Le volet le plus évident est celui des violences sexuelles et sexistes, dont on sait qu’elles n’épargnent pas le monde académique, comme toute organisation. Deux textes viennent rappeler la lente et difficile prise de conscience et des actions pour y mettre fin. Malgré de premières alertes dès 2002 dans le milieu universitaire, puis le mouvement Metoo, le déni et les résistances sont encore nombreux.
D’autres textes glissent ensuite vers les conditions de travail, les risques psychosociaux et les souffrances des personnels. Des auteurs montrent ainsi la pertinence de construire un observatoire sur ce sujet, afin de mêler action syndicale et méthode scientifique pour documenter les conséquences négatives des changements à l’œuvre, qui mettent les personnels sous pression, engendrent de la précarité ou tordent l’éthique même de la profession.

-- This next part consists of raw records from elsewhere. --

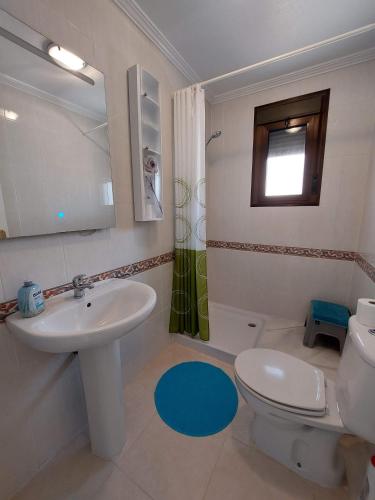 a bathroom with a sink and a toilet and a window at L.A. Apartment in Los Alcázares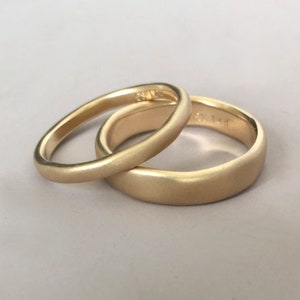 Op de afbeelding: Twee gouden trouwringen met een geborstelde afwerking. De ringen zijn op elkaar gestapeld. De bovenste ring heeft de inscriptie "585 14K".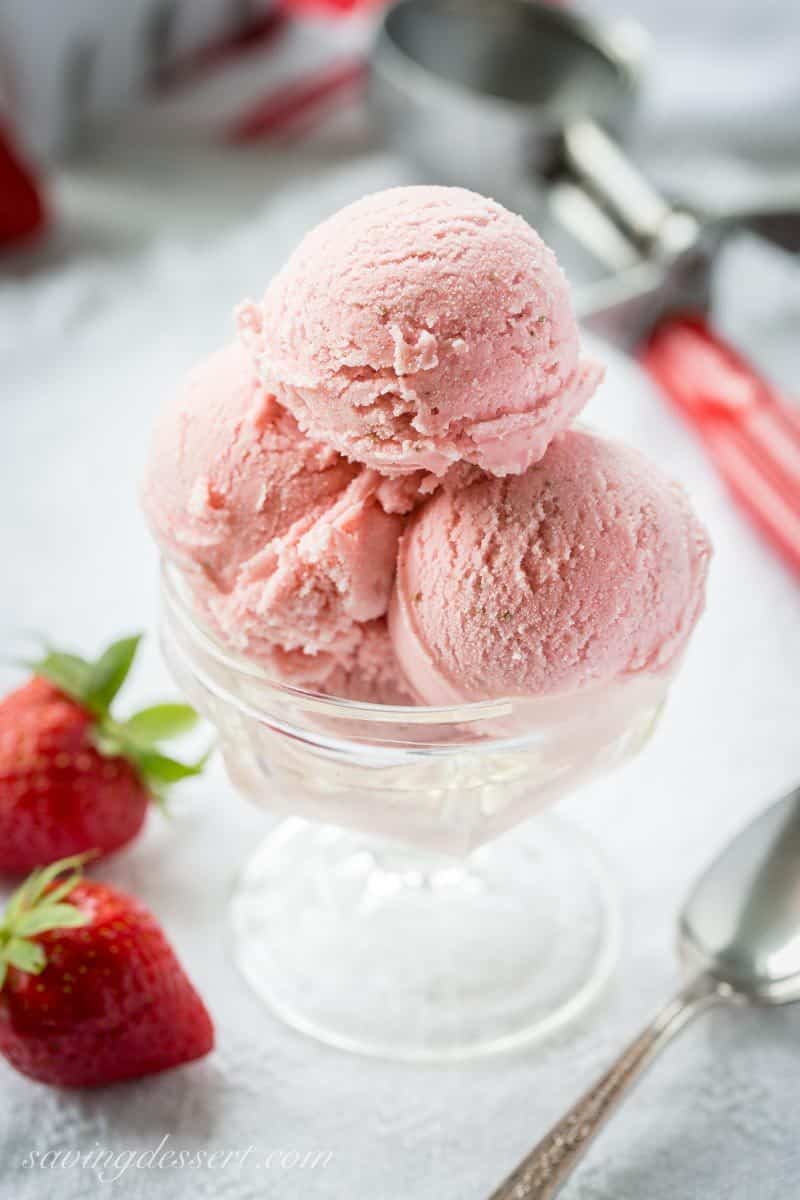 Fresh Strawberry Ice Cream ~ creamy and smooth, with tart (not sour) undertones that you'd expect from a good ripe strawberry. With a touch of Grand Marnier, buttermilk and mascarpone cheese, the richness shines through in this eggless, dreamy, frozen treat! www.savingdessert.com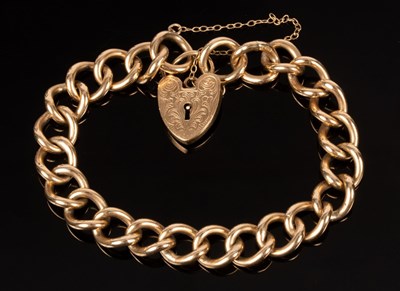 Lot 180 - A 9ct gold curb link bracelet, S & K, with...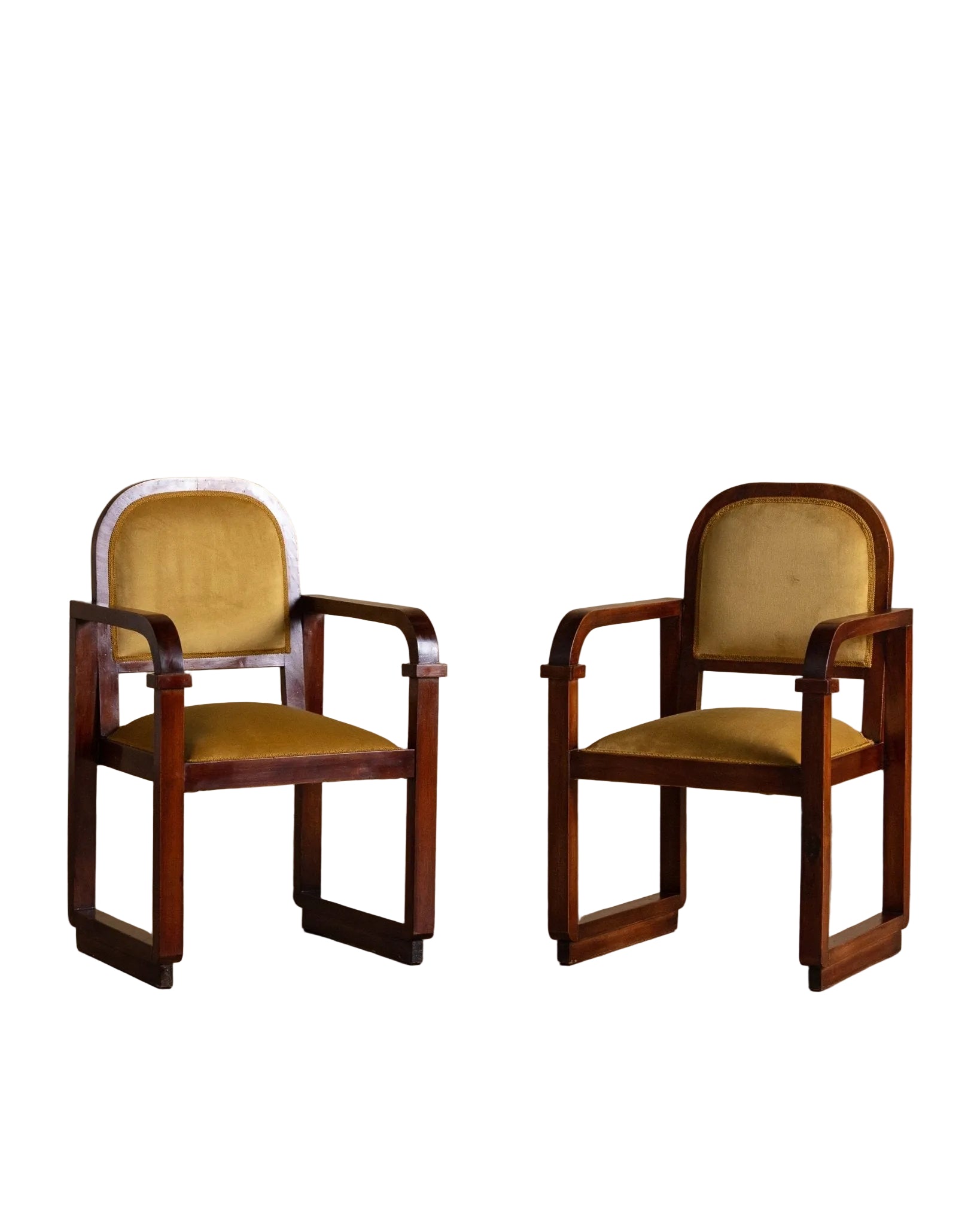 Two wooden chairs with yellow cushions on a beige background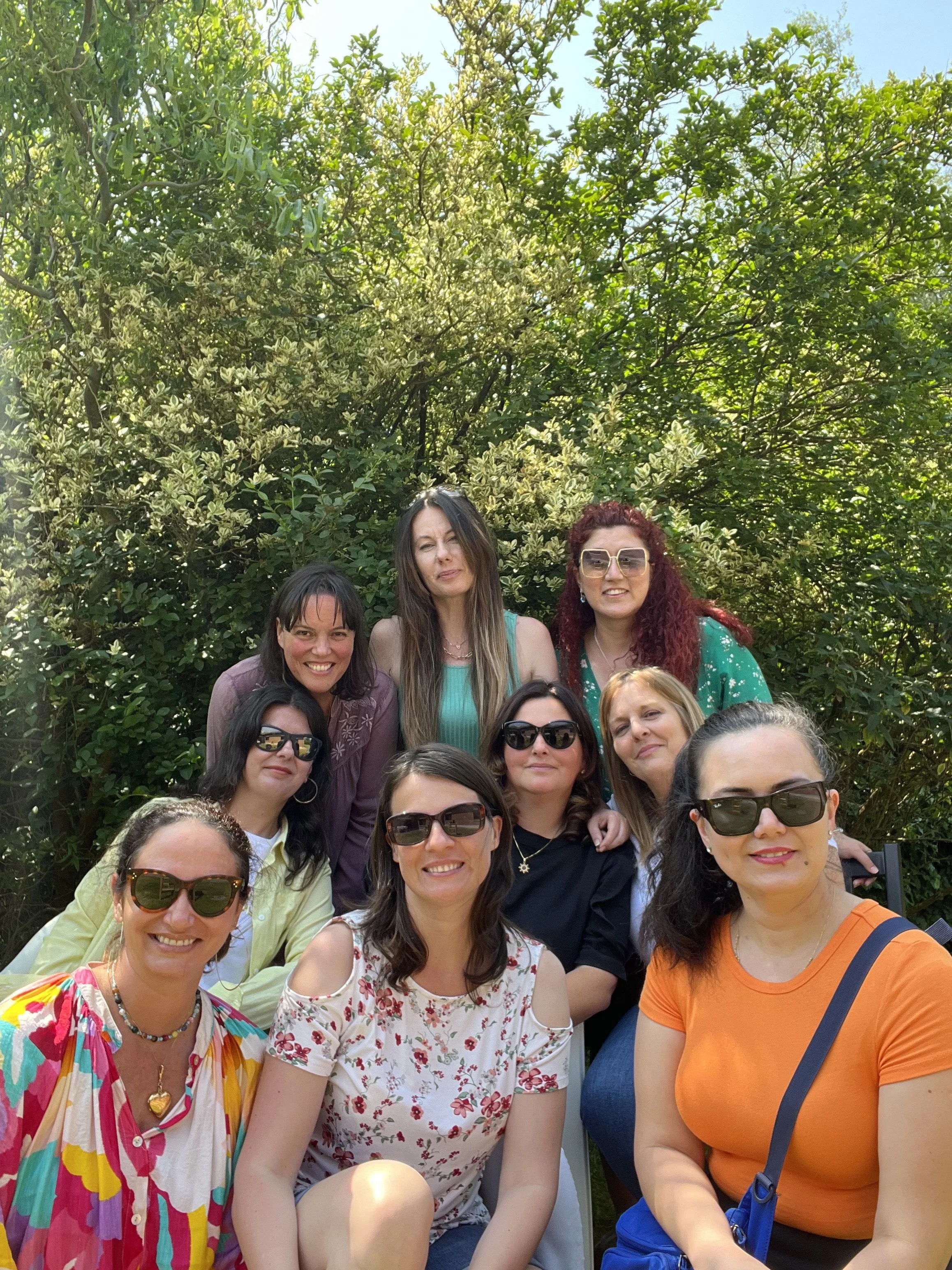 A group of women gathered outdoors for a photo, standing in front of lush green trees and bushes on a sunny day.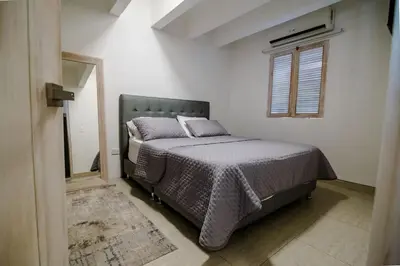a bedroom with a bed and a window at Santo Domingo - Centro Histórico in Cartagena de Indias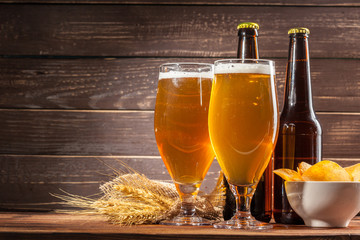 Glass of beer and beer bottle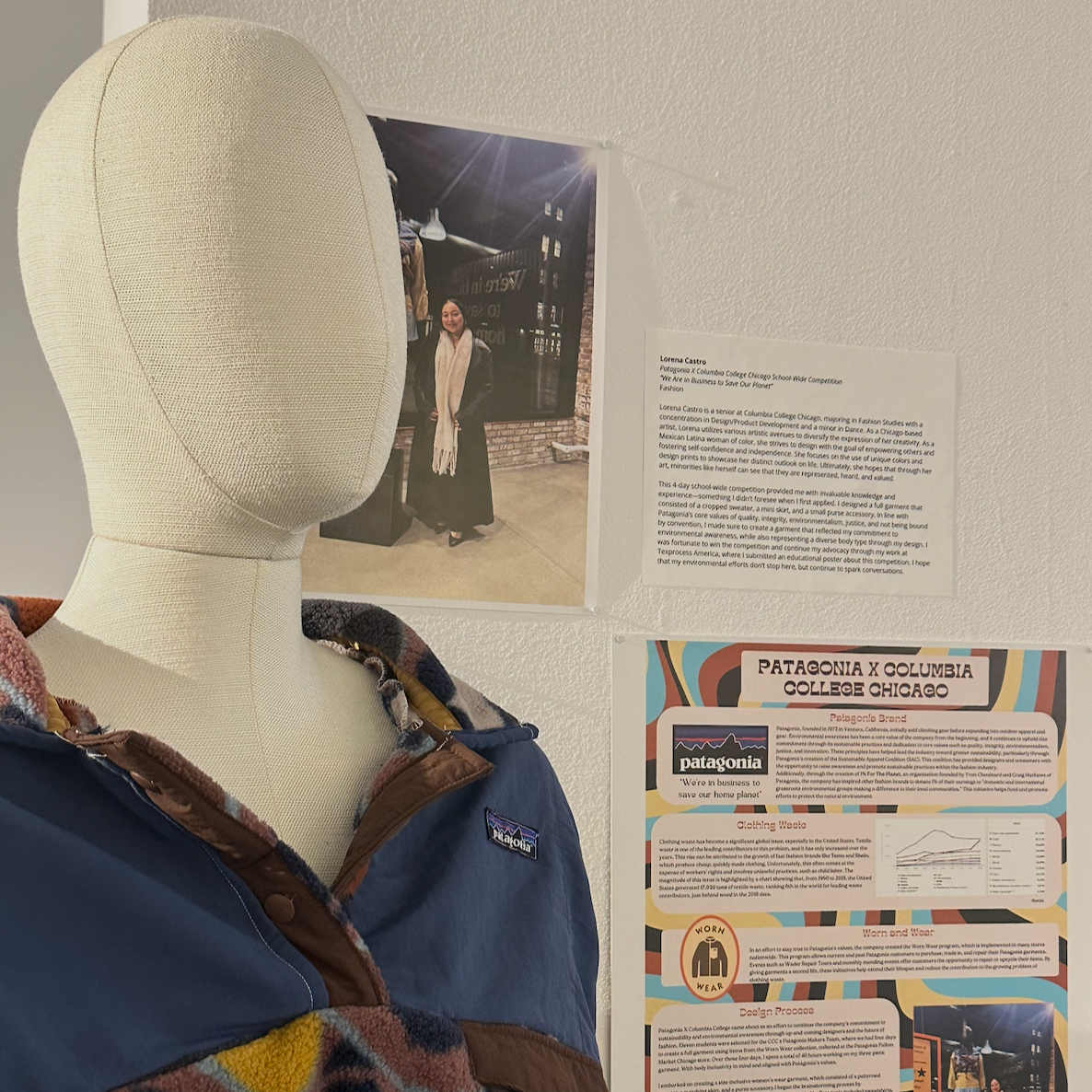 A mannequin wearing a Patagonia jacket with a colorful patterned collar, in front of a wall with photographs and informational posters related to Patagonia and Columbia College Chicago.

Un dernier texte enfonce le clou en s’inquiétant de ce que la mise en place de cellules consacrées aux risques psychosociaux n’aggrave, en réalité, la situation par une mise à l’écart des syndicats, une trop forte individualisation et une déresponsabilisation des directions.
Impératifs éthiques et de productivité
Plusieurs situations particulières illustrent concrètement ce que « violence » peut vouloir dire autour des paillasses. Il y a le récit d’une grève des employés de ménage, qui montre la violence cachée subie par ces prestataires. Ou celui d’employés d’animaleries qui se trouvent en tension entre des impératifs éthiques et de productivité ; sans compter la difficulté à saisir le sens de leur travail à cause de chercheurs peu enclins à expliquer les raisons du recours à ces animaux.
Des employés d’un éditeur académique témoignent de leur souffrance à gérer une surcharge de travail induite, a priori paradoxalement, par la numérisation de leur activité. Une nouvelle recrue décrit un stage de formation où elle se sent mal lorsqu’elle se rend compte que la priorité n’est pas ce qu’on dit mais comment on le dit. Elle s’avoue piégée par des dispositifs d’intégration « ludiques », loin de ses valeurs.